*Task description*: Pull out the lines from the one containing "兩杯茶；盛滿茶葉的葉子和櫻桃，還有竹葉上的靜物桌布" through the final line of the listing below and repeat them exactly. Leave the pictures behind.
++++ Material to process ++++
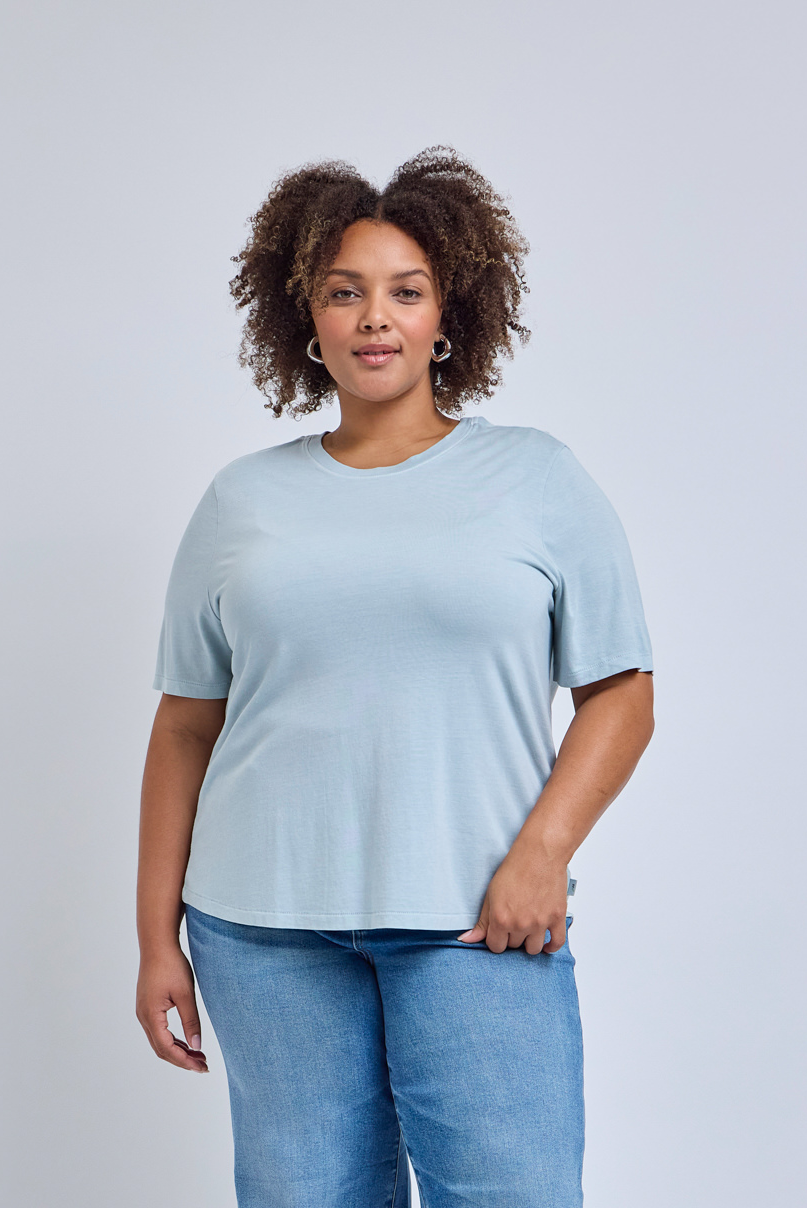 Woman wearing a light blue t-shirt and jeans against a plain background | model-size: 16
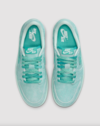 Top view of Air Jordan 1 Low “Washed Teal” W showing tongue and laces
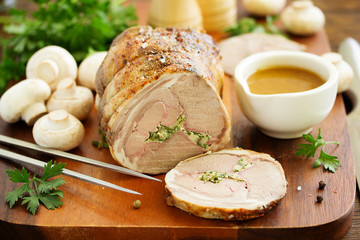 Rack of lamb stuffed with champignons and parsley.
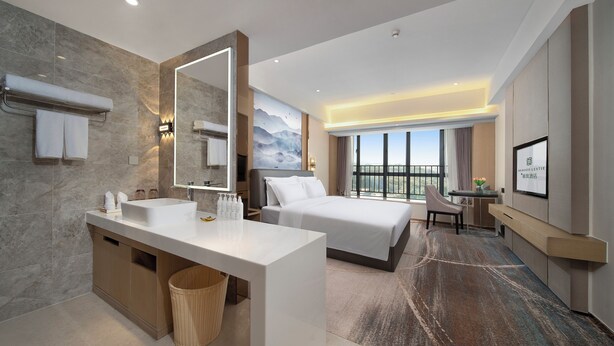 A modern hotel room with a large bed, a separate desk, a bathroom with a sink and mirror, and a view of the outdoors. - Guangzhou Nansha Meihao Lizhi Hotel (Guangzhou)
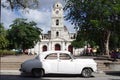Classical car in front of historical church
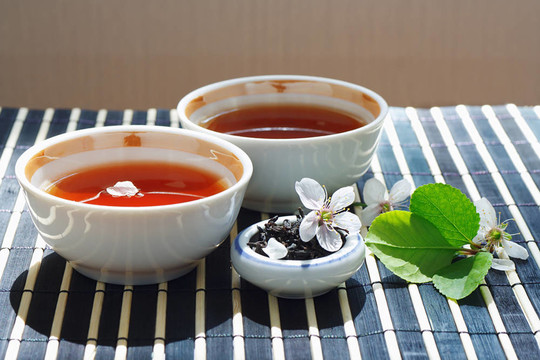 兩杯茶；盛滿茶葉的葉子和櫻桃，還有竹葉上的靜物桌布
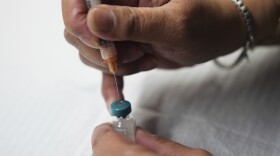 A person prepares a vaccine dose 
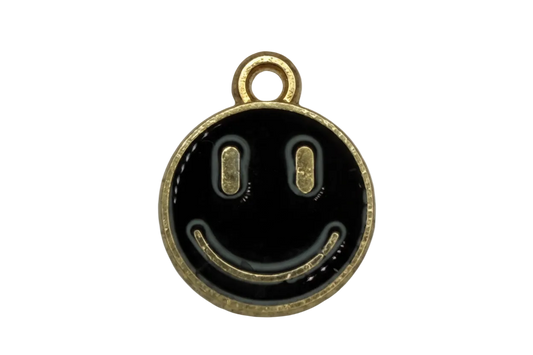 Round black enamel smiley face charm with gold trim and clear gem accent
++++
*Response to this task*:
 兩杯茶；盛滿茶葉的葉子和櫻桃，還有竹葉上的靜物桌布
 A person prepares a vaccine dose 
 Round black enamel smiley face charm with gold trim and clear gem accent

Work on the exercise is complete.